RECORDS FOR THE TASK
******

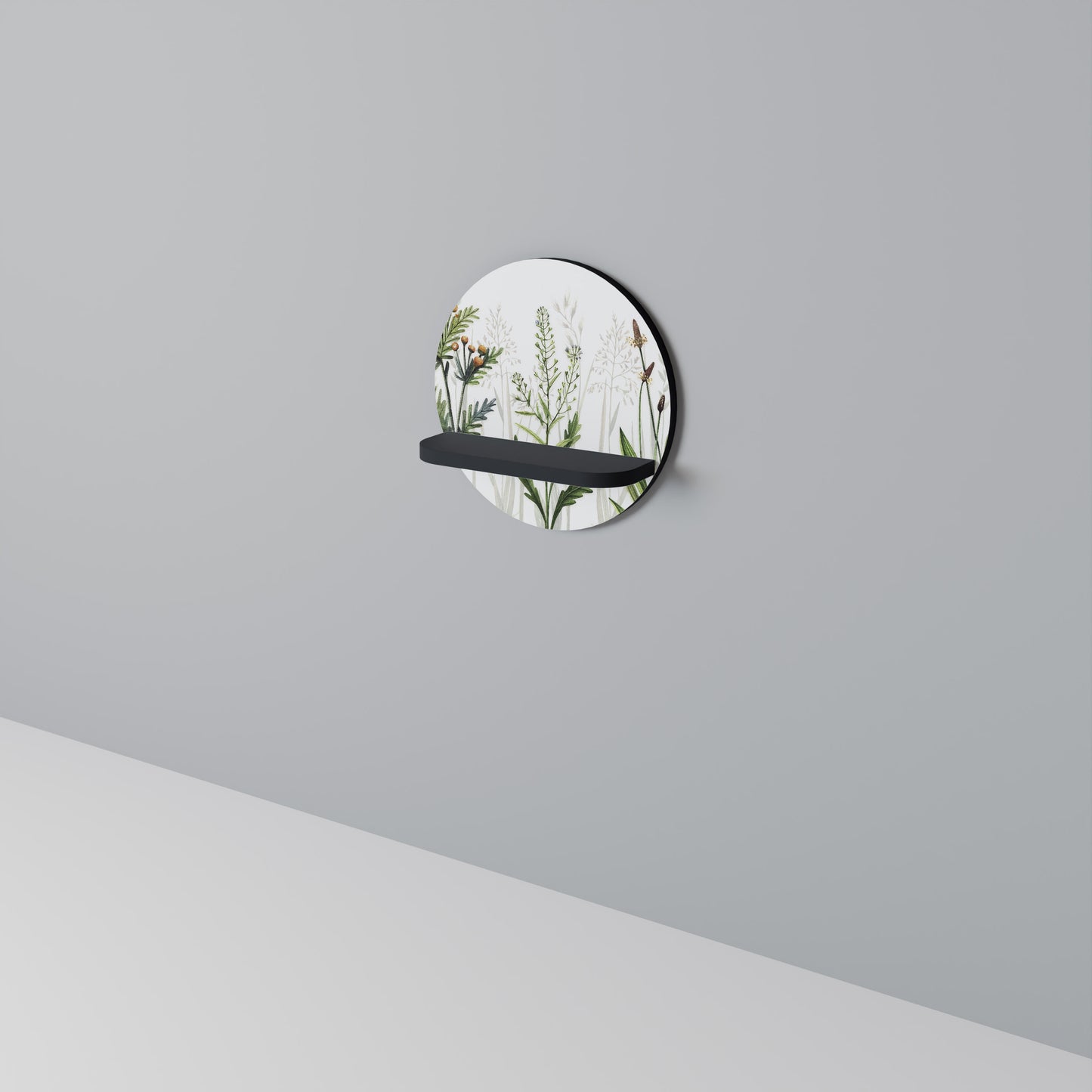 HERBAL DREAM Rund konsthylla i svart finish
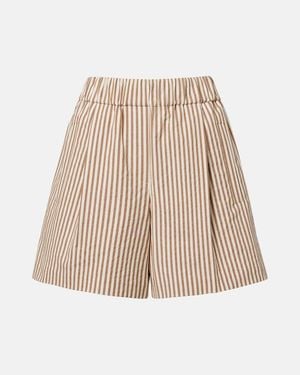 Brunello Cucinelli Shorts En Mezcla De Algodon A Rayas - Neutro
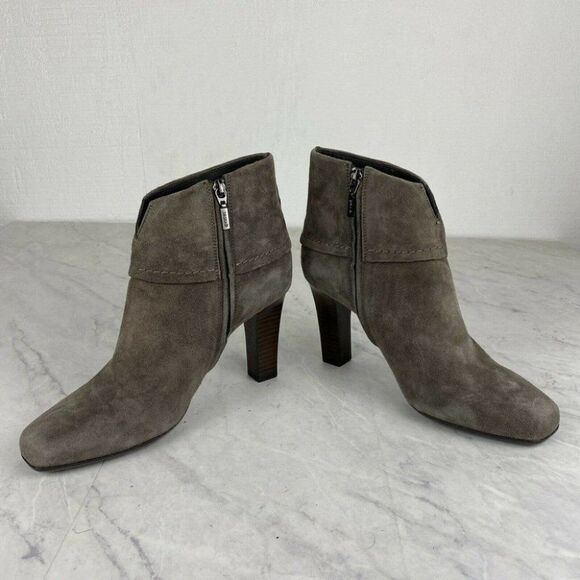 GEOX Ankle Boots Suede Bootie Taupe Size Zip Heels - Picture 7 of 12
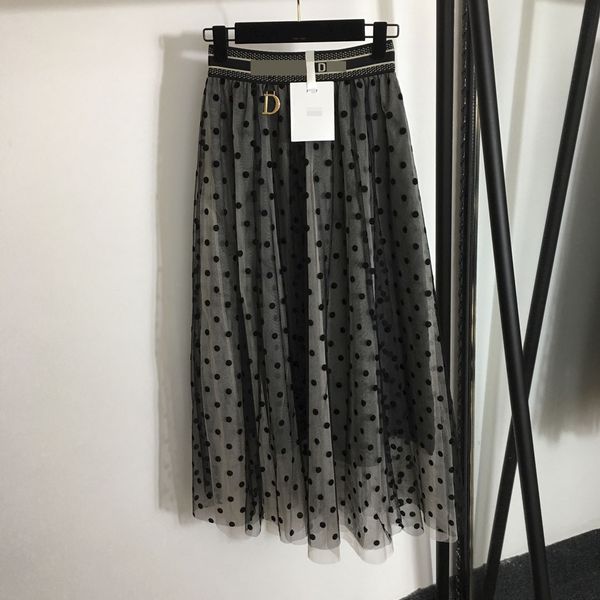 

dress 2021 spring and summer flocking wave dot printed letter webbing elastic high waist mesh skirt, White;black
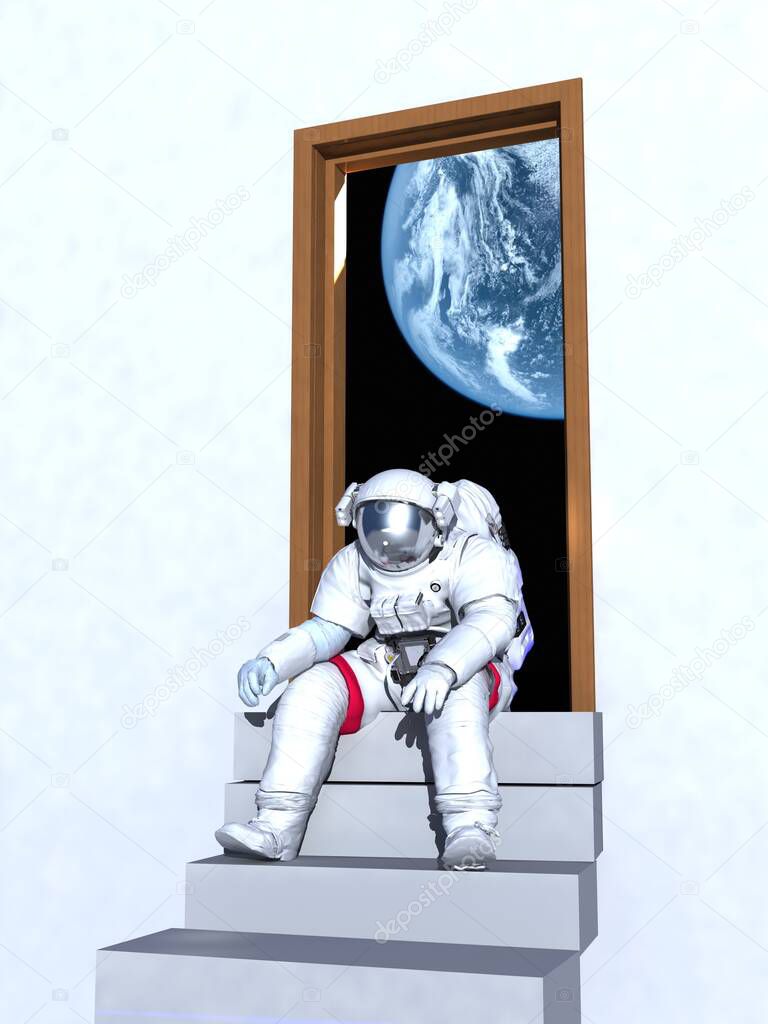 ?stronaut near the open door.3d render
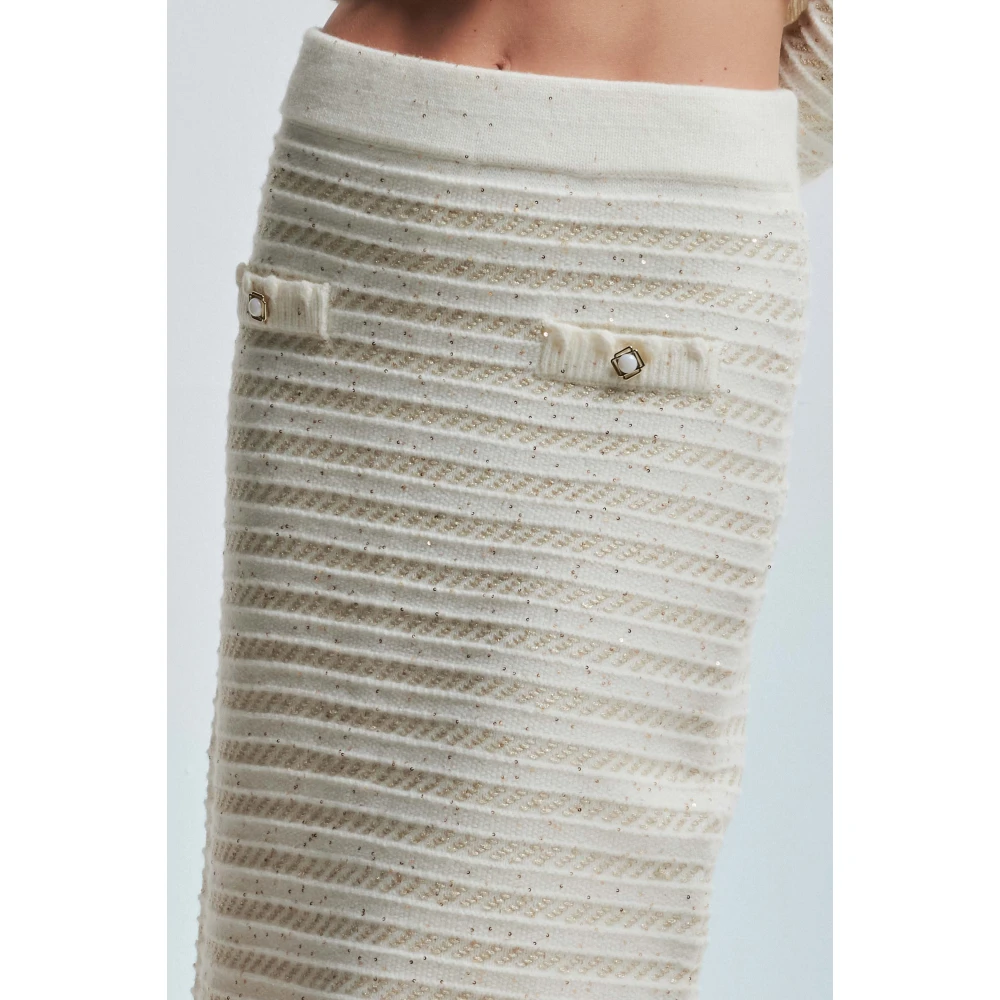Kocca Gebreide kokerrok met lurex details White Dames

******

EXERCISE AIM
Every record above should come back exactly, but without its pictures.

EXPECTED ANSWER
 HERBAL DREAM Rund konsthylla i svart finish
 Brunello Cucinelli Shorts En Mezcla De Algodon A Rayas - Neutro
 GEOX Ankle Boots Suede Bootie Taupe Size Zip Heels - Picture 7 of 12

dress 2021 spring and summer flocking wave dot printed letter webbing elastic high waist mesh skirt, White;black
 ?stronaut near the open door.3d render
Kocca Gebreide kokerrok met lurex details White Dames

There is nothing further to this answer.